## DATA SUPPLIED
++++++++++

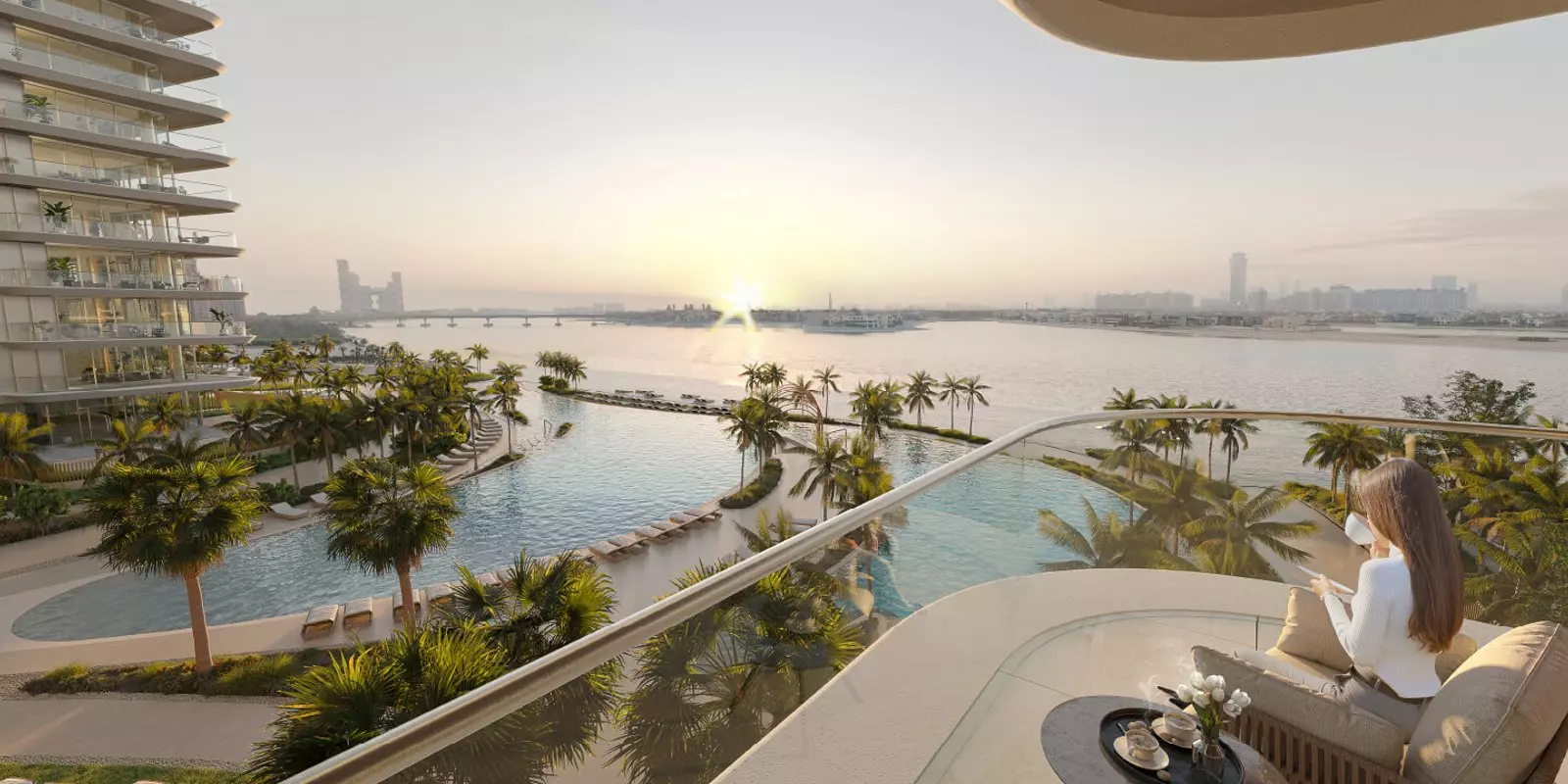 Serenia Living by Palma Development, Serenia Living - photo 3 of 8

++++++++++

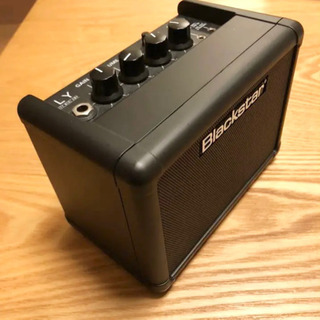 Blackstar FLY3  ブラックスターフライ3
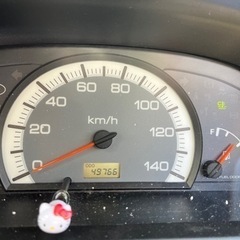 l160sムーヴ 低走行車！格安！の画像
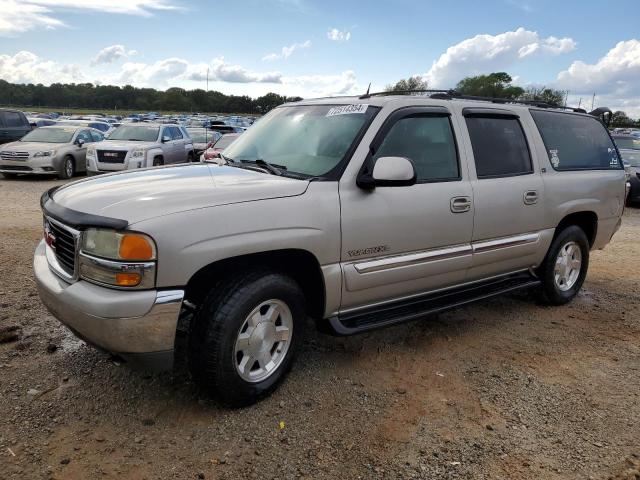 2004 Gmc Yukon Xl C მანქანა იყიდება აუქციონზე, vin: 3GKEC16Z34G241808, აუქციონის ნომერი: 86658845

++++++++++

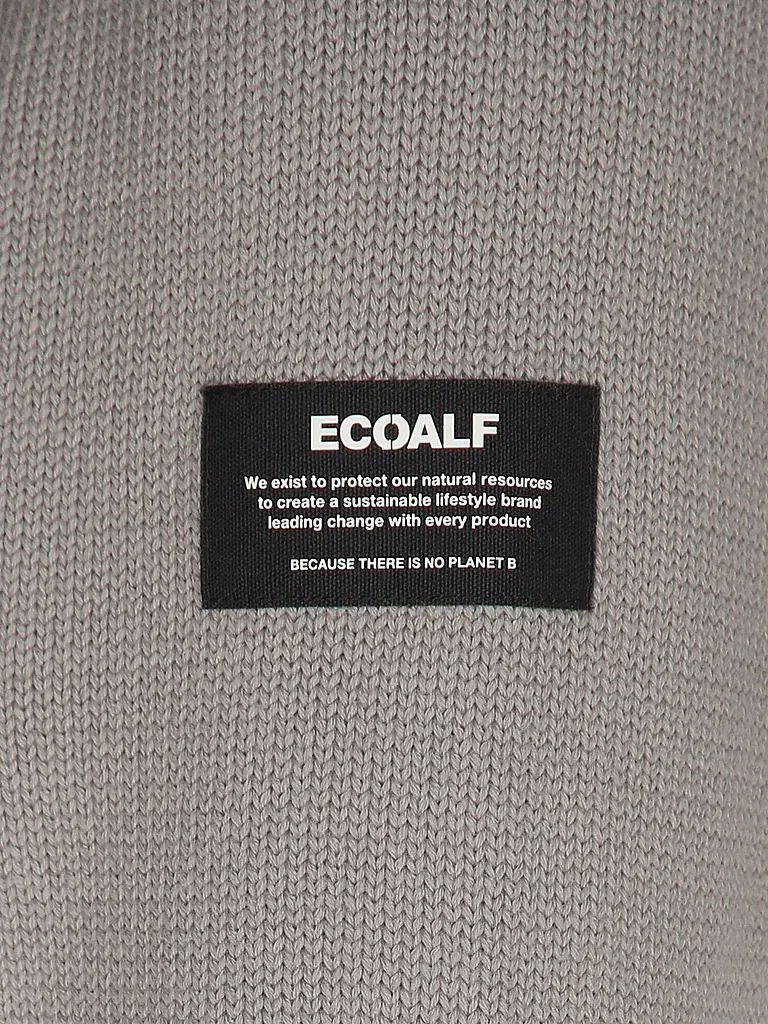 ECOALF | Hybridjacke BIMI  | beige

++++++++++

## WHAT THE TASK ASKS
Beginning with the line above that has "l160sムーヴ 低走行車！格安！の画像" and going on through the line that has "2004 Gmc Yukon", retype every line exactly and add nothing else; drop the pictures.

## ANSWER FOR THE TASK
 l160sムーヴ 低走行車！格安！の画像
 2004 Gmc Yukon Xl C მანქანა იყიდება აუქციონზე, vin: 3GKEC16Z34G241808, აუქციონის ნომერი: 86658845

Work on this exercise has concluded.